— What you will do —
For every line in the material, set down an identical one.

— Data —
┄┄┄┄┄┄┄┄┄┄┄┄┄┄┄┄┄┄┄┄
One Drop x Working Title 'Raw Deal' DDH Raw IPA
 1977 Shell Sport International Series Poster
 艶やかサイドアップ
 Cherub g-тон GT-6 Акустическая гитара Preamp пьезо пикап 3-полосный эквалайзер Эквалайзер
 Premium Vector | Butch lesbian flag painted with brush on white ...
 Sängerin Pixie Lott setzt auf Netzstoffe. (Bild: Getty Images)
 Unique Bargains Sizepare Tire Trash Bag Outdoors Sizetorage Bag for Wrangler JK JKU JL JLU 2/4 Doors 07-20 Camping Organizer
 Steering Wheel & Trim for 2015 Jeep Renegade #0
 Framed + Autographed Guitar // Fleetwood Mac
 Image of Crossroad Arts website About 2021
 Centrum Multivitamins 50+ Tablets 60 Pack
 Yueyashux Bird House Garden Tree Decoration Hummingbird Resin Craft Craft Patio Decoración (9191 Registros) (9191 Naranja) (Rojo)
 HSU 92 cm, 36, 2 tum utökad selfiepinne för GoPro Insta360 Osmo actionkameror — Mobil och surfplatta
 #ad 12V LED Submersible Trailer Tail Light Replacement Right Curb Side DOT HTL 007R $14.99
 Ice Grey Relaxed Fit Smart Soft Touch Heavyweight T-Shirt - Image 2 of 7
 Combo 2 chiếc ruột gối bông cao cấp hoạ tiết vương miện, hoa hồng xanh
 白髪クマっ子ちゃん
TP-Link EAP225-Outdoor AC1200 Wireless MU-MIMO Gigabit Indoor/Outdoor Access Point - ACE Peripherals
┄┄┄┄┄┄┄┄┄┄┄┄┄┄┄┄┄┄┄┄
— Result —
One Drop x Working Title 'Raw Deal' DDH Raw IPA
 1977 Shell Sport International Series Poster
 艶やかサイドアップ
 Cherub g-тон GT-6 Акустическая гитара Preamp пьезо пикап 3-полосный эквалайзер Эквалайзер
 Premium Vector | Butch lesbian flag painted with brush on white ...
 Sängerin Pixie Lott setzt auf Netzstoffe. (Bild: Getty Images)
 Unique Bargains Sizepare Tire Trash Bag Outdoors Sizetorage Bag for Wrangler JK JKU JL JLU 2/4 Doors 07-20 Camping Organizer
 Steering Wheel & Trim for 2015 Jeep Renegade #0
 Framed + Autographed Guitar // Fleetwood Mac
 Image of Crossroad Arts website About 2021
 Centrum Multivitamins 50+ Tablets 60 Pack
 Yueyashux Bird House Garden Tree Decoration Hummingbird Resin Craft Craft Patio Decoración (9191 Registros) (9191 Naranja) (Rojo)
 HSU 92 cm, 36, 2 tum utökad selfiepinne för GoPro Insta360 Osmo actionkameror — Mobil och surfplatta
 #ad 12V LED Submersible Trailer Tail Light Replacement Right Curb Side DOT HTL 007R $14.99
 Ice Grey Relaxed Fit Smart Soft Touch Heavyweight T-Shirt - Image 2 of 7
 Combo 2 chiếc ruột gối bông cao cấp hoạ tiết vương miện, hoa hồng xanh
 白髪クマっ子ちゃん
TP-Link EAP225-Outdoor AC1200 Wireless MU-MIMO Gigabit Indoor/Outdoor Access Point - ACE Peripherals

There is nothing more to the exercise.